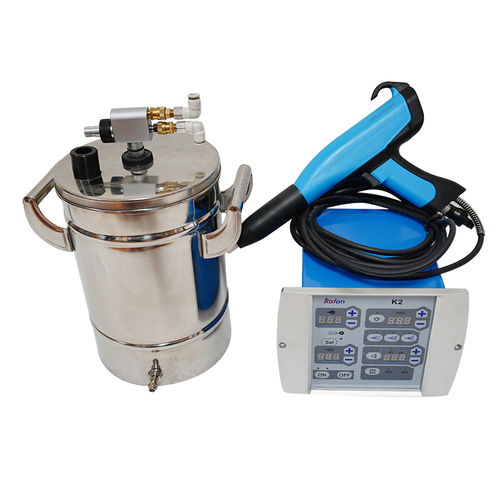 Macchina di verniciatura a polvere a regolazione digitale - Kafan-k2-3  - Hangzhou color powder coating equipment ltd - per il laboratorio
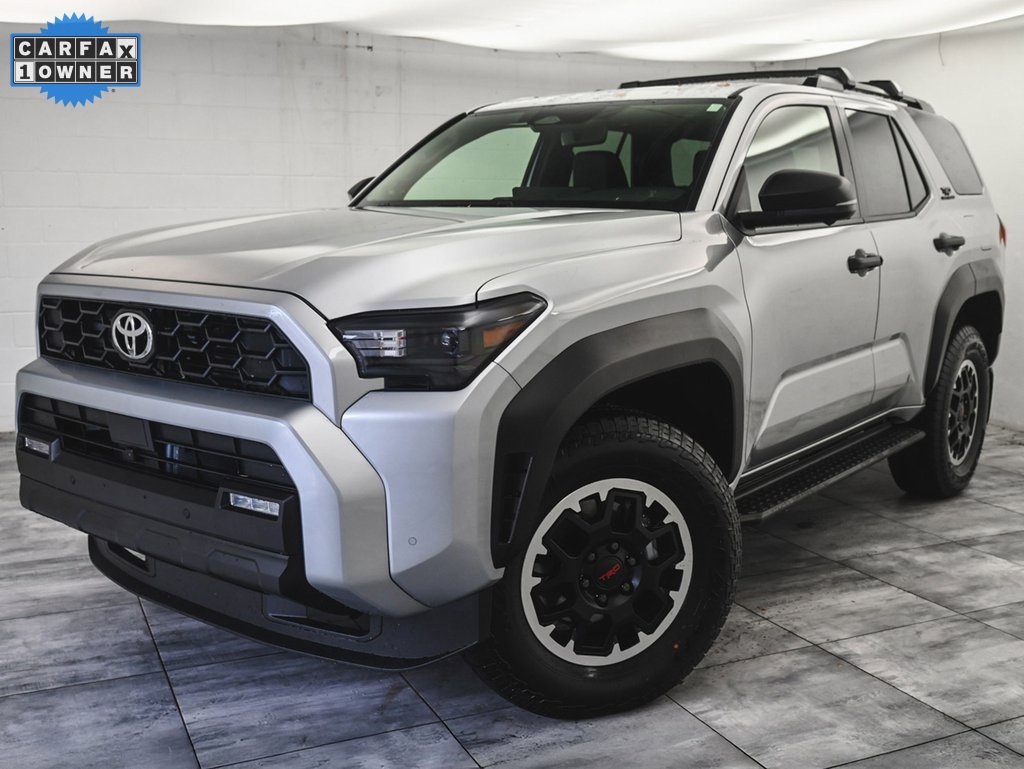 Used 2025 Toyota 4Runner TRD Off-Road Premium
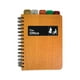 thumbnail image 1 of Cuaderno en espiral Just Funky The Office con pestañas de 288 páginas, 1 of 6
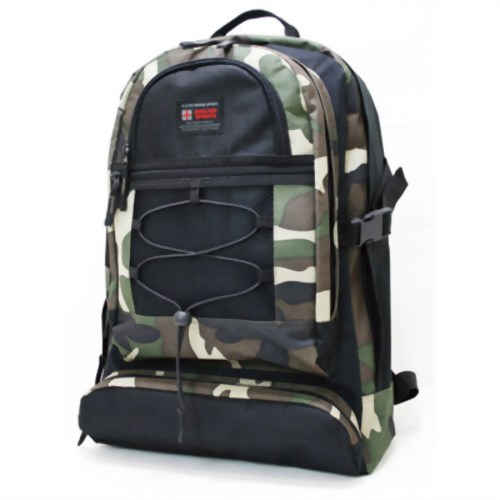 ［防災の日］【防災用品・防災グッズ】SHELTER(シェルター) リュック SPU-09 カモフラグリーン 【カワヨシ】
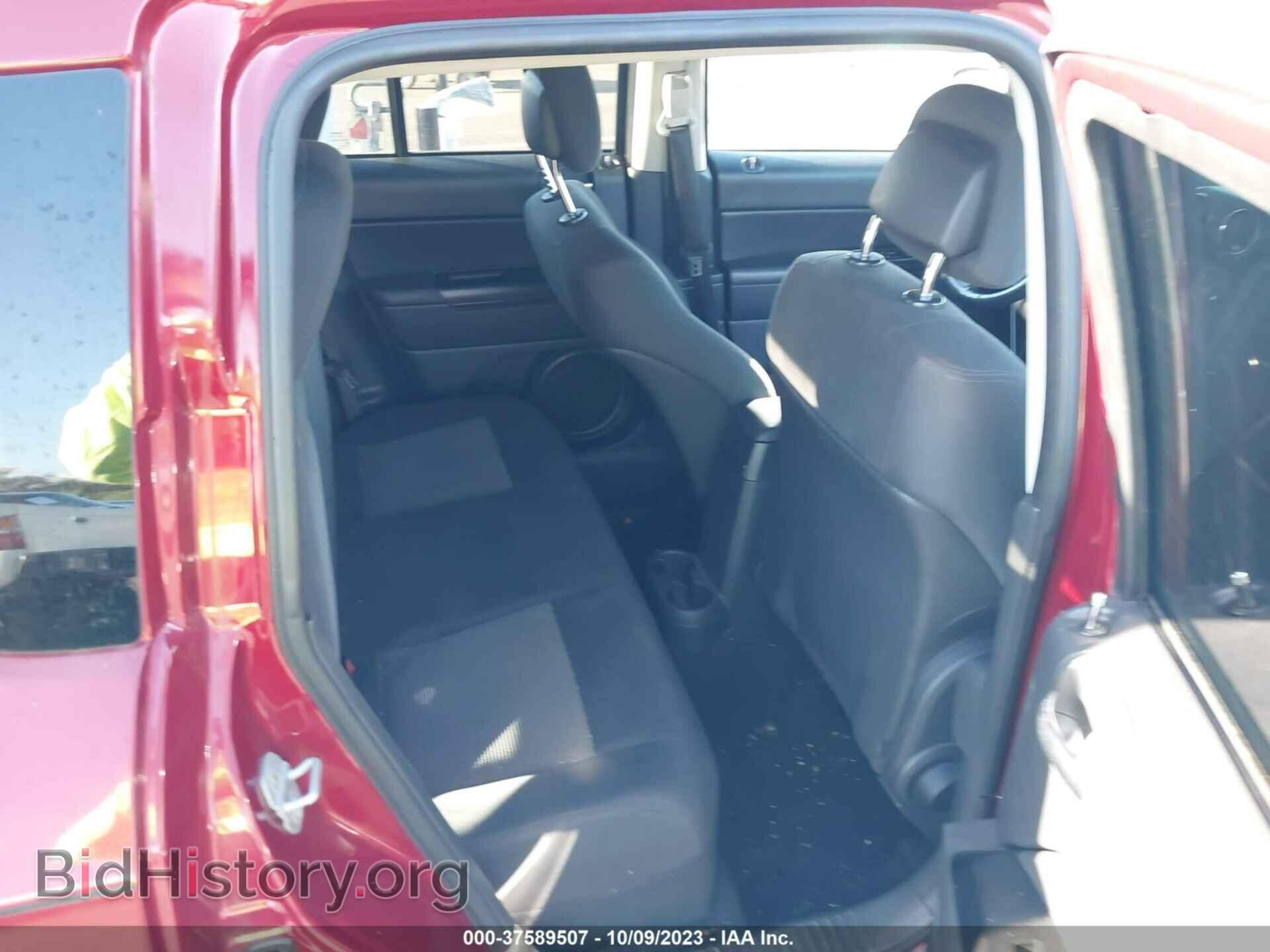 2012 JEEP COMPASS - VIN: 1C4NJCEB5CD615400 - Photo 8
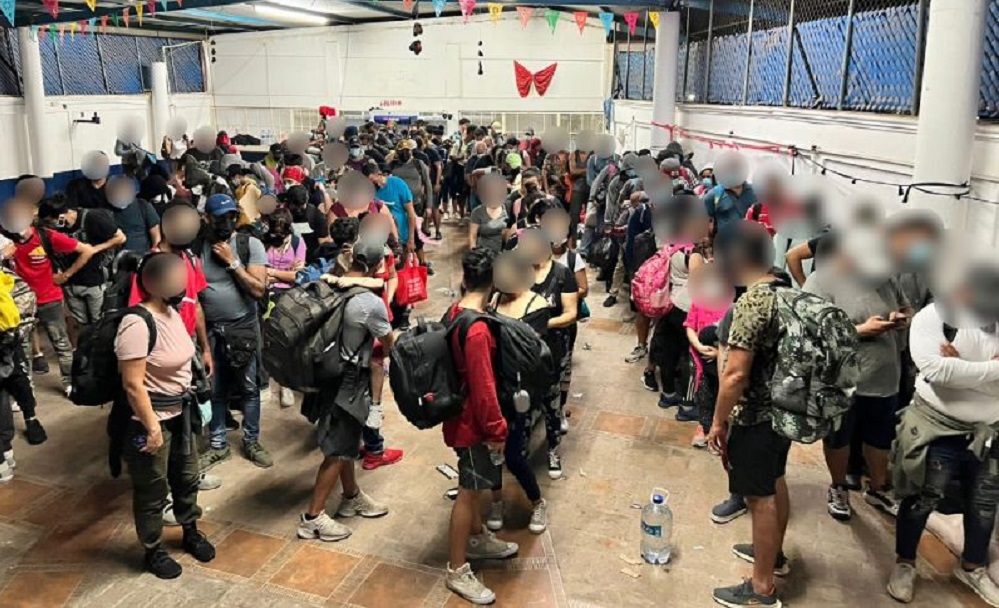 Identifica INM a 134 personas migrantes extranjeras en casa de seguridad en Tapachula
* * *
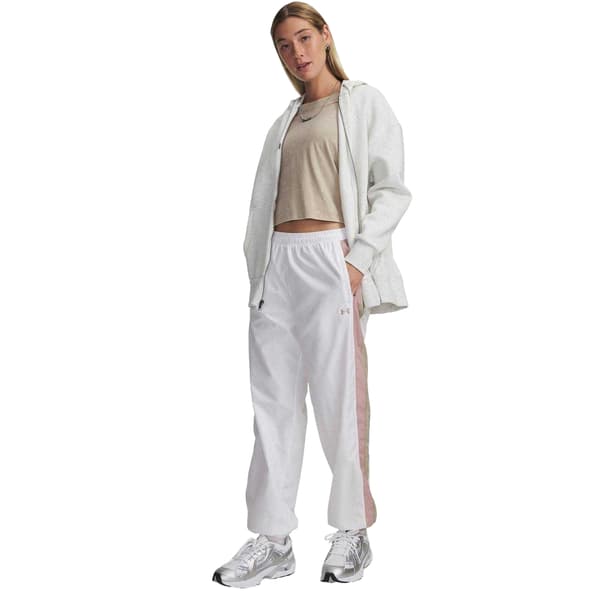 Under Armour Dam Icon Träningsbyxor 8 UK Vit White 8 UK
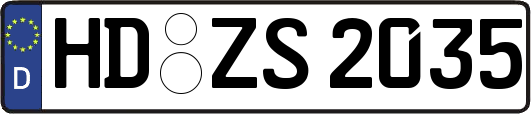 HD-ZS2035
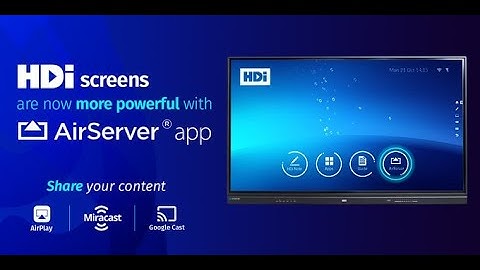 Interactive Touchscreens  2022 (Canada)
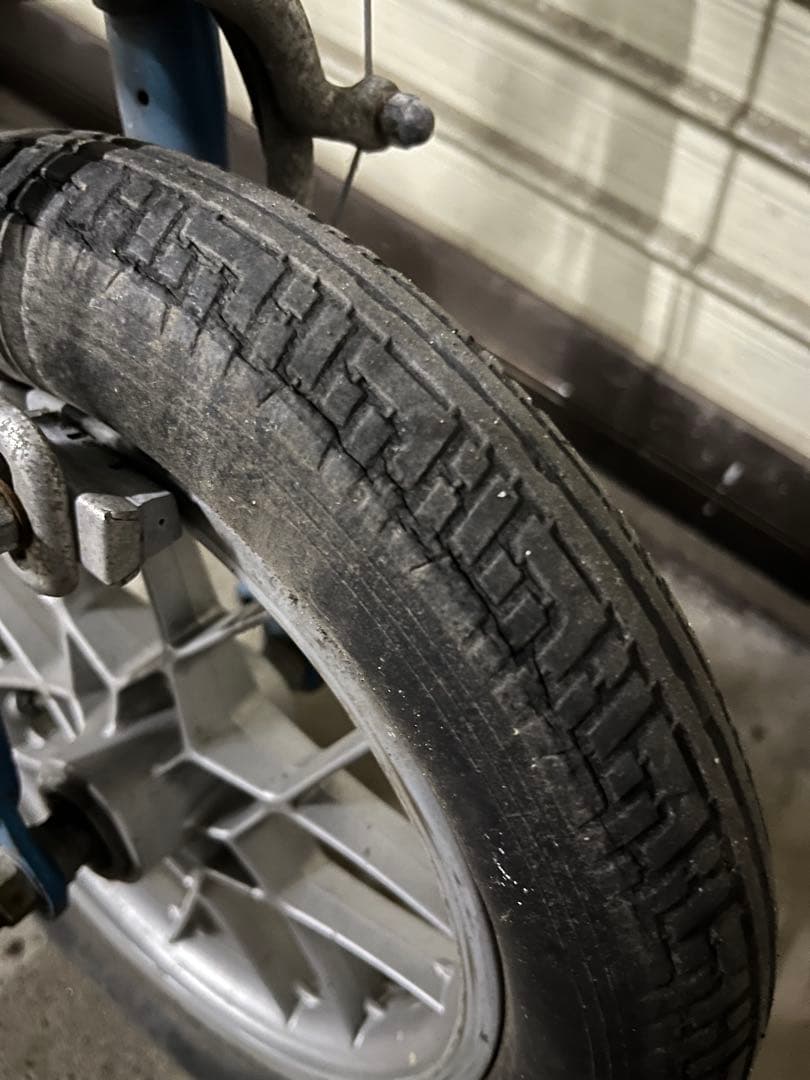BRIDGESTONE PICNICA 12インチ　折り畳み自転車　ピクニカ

What to produce:
Reproduce exactly the lines of the data above that run from the line with "SPU-09 カモフラグリーン 【カワヨシ】" down to the line with "Identifica INM a", both ends included. Pictures do not belong in the copy.

Task response:
 ［防災の日］【防災用品・防災グッズ】SHELTER(シェルター) リュック SPU-09 カモフラグリーン 【カワヨシ】
 2012 JEEP COMPASS - VIN: 1C4NJCEB5CD615400 - Photo 8
 Identifica INM a 134 personas migrantes extranjeras en casa de seguridad en Tapachula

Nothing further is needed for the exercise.